The majority of the proposals filed on climate issues in 2021 and 2022 asked companies for reports of some kind: on their greenhouse gas emissions, their records to date in meeting their stated emission reduction goals or their climate transition plans. Many of these proposals highlighted the urgency of meeting the goals of the Paris climate talks of net zero emissions by 2050. In this broad group of proposals, investors gave majority support to several, in some cases taking their cues from the companies’ neutrality or support.
 
Perhaps the most noteworthy example of shareholder advocacy around climate concerns occurred in the contested board election at ExxonMobil in 2021. Engine No. 1, an ESG impact hedge fund, believed that Exxon’s troubles lay in a board that had no independent directors with outside energy experience and a culture that continued to pursue a business-as-usual scenario of investing capital for expanded fossil fuel development. It proposed four alternative directors, with expertise ranging from fossil fuels to lower-carbon energy sources and related regulatory issues, and it made pitches for its vision to Exxon’s major shareholders. Three of the four candidates were elected.
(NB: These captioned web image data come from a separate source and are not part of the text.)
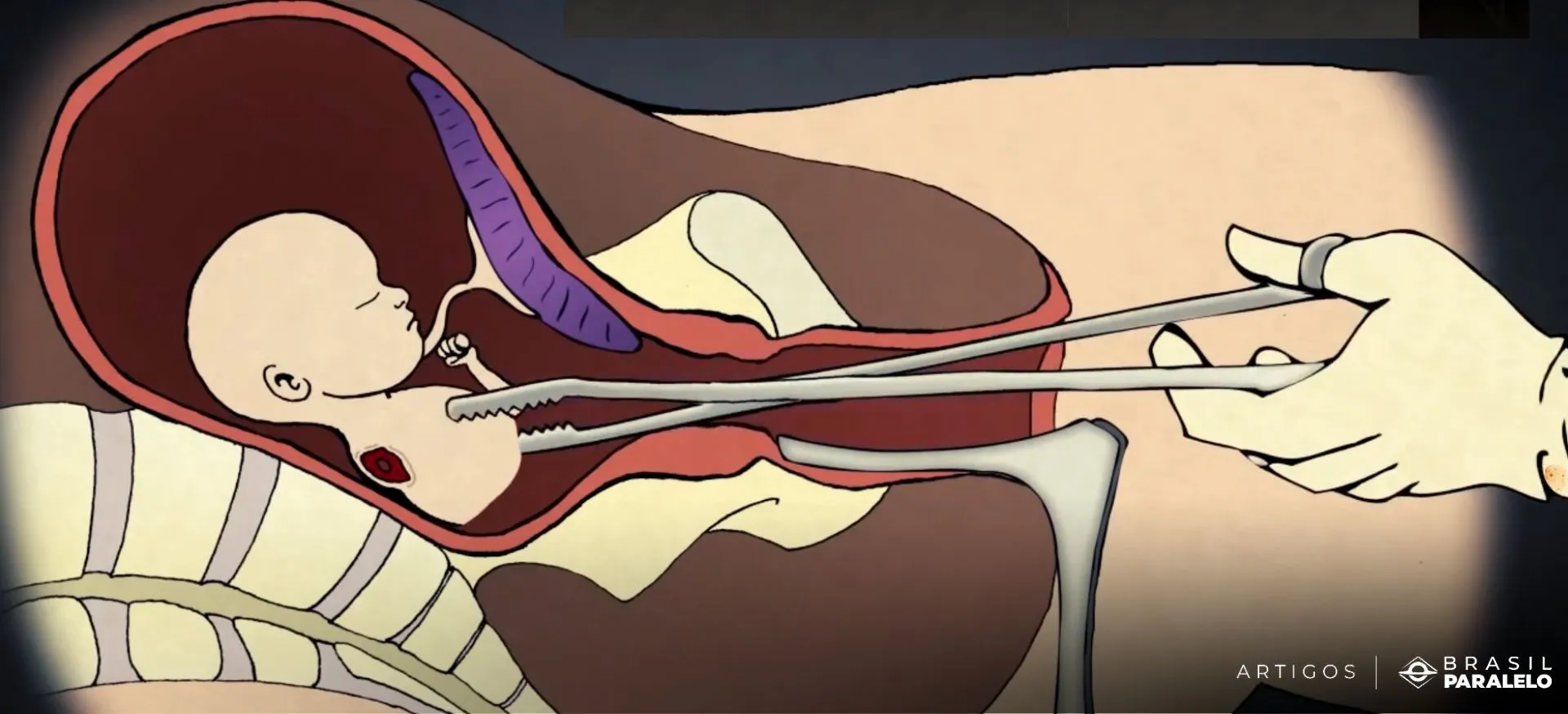 Como é feito o aborto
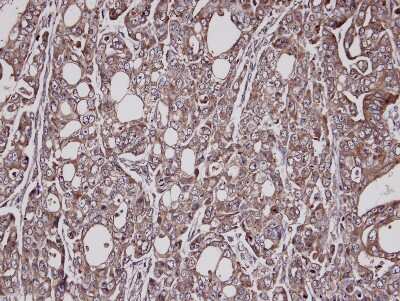 Immunohistochemistry-Paraffin: Lysyl tRNA synthetase Antibody [NBP1-32063] - Paraffin-embedded NCI-N87 xenograft, using antibody at 1:100 dilution.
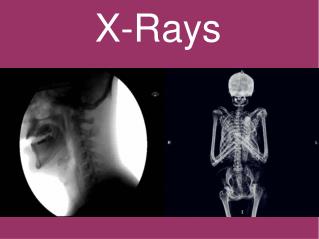 X-Rays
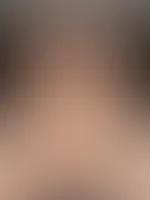 💋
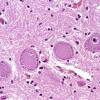 10A3 Central Chromatolysis Mimic (Clarke's column, Case 5) H&E 2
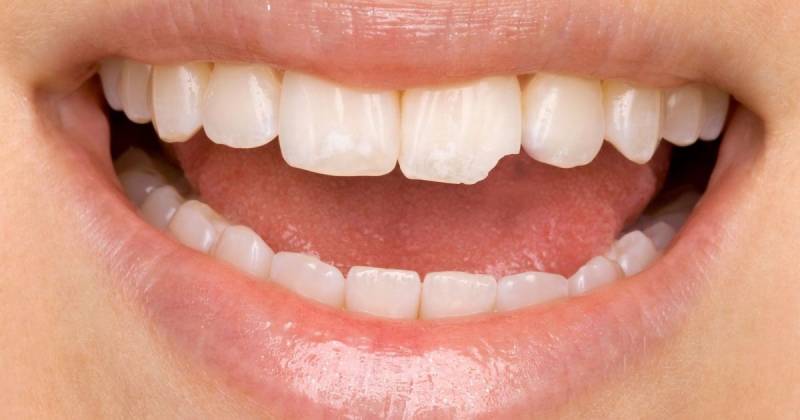Restauração Dentária Bloco Pacaembu - Restauração Dentária para Dente da Frente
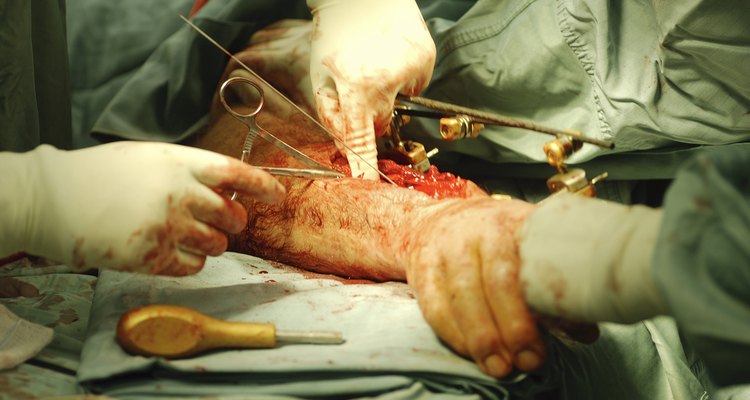 Caerse de una ventana puede dar lugar a fracturas óseas, conmoción cerebral, hematomas y hemorragias, lesiones internas que requieren cirugía, cortes, raspaduras o puntos de sutura.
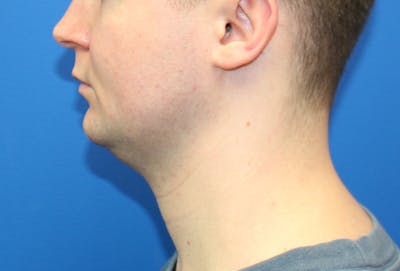 Platysmaplasty Before & After Gallery - Patient 217525 - Image 1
In the year since, Exxon announced that it would commit $15 billion over six years to low-carbon energy development, and re-organized its business around three units, one of which is Low Carbon Solutions. 
 
Corporate Political Activity: Investor demands for disclosure and oversight of corporate political spending and lobbying expenditures have long been one of the leading issues raised in shareholder proposals at US companies. Concerned shareholders want companies to exercise proper oversight to ensure that these payments serve the best interests of the firms and their shareholders and do not harm their reputations.
 
Since 2004, pension funds, labor unions, environmental groups and sustainable investment managers have submitted resolutions to companies, and often persuaded them, to disclose and require board oversight of their use of corporate funds to support political candidates or influence elections. These resolutions typically ask companies to disclose on a regular basis each of the recipients of this spending and the amount received.
 
In a related initiative, since 2012 scores of investors have asked companies to report as well on indirect political spending—lobbying expenditures through trade associations and nonprofit organizations that do not have to report their donors. The filers have often asked companies to explain their membership in organizations whose lobbying positions contradict the companies’ policies on issues such as climate change, fair employment and public health. They have particularly targeted companies that are members of the American Petroleum Institute, the National Association of Manufacturers and the US Chamber of Commerce, which lobby against federal and state efforts to promote renewable energy and reduce greenhouse gas emissions.